By ‘Large’, I mean numbers containing up to 10^4 digits.

I have tried doing it by converting the number to binary, digit by digit (representing numbers as a vector of bits), so I multiply the current result by 10 and add the next digit, which I have done by adding two numbers, left shifted 3 times and 1 time(because N*10 = N<<3 + N<<1) and then wrote a function that adds two binary numbers represented this way, and then add the next digit. But its too slow.
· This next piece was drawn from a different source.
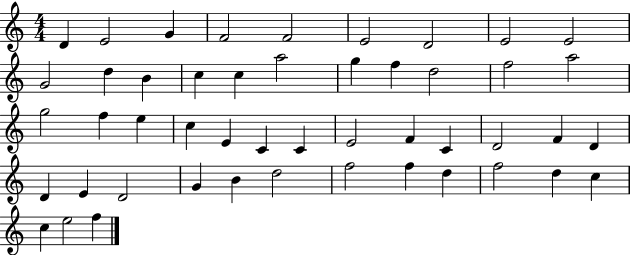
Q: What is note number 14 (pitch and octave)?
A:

Is the number given in decimal representation?

Yes, its given in decimal

You can simply find it in log(N) complexity by dividing it by 2 , But you have to do this operation in array representation of number

@hemanth_1

well,I would love to do it in python as…

n=int(input())

b=bin(n)

ans=b.count(“1”)

print(ans)

Still u can find the way it could be done in c++…

The main task is to solve this question in standard way. Please don’t think that python will do anything.

If I represent the number as an array, and say, it has ‘N’ digits, wouldn’t division by 2 take O(N) time ? and I’d have to do it Log 10^N times, which will roughly be the number of digits itself (correct me if I’m wrong).

`__builtin_popcount()`

There is a built in gcc function called `__builtin_popcount()`

which can calculate the set bits of a given number represented in decimal.

i.e

```
include <iostream>
using namespace std;
int main() {
cout << __builtin_popcount(15);
return 0;
}
```

Output : 4

Have u frame this question by yourself? Or it is been given somewhere?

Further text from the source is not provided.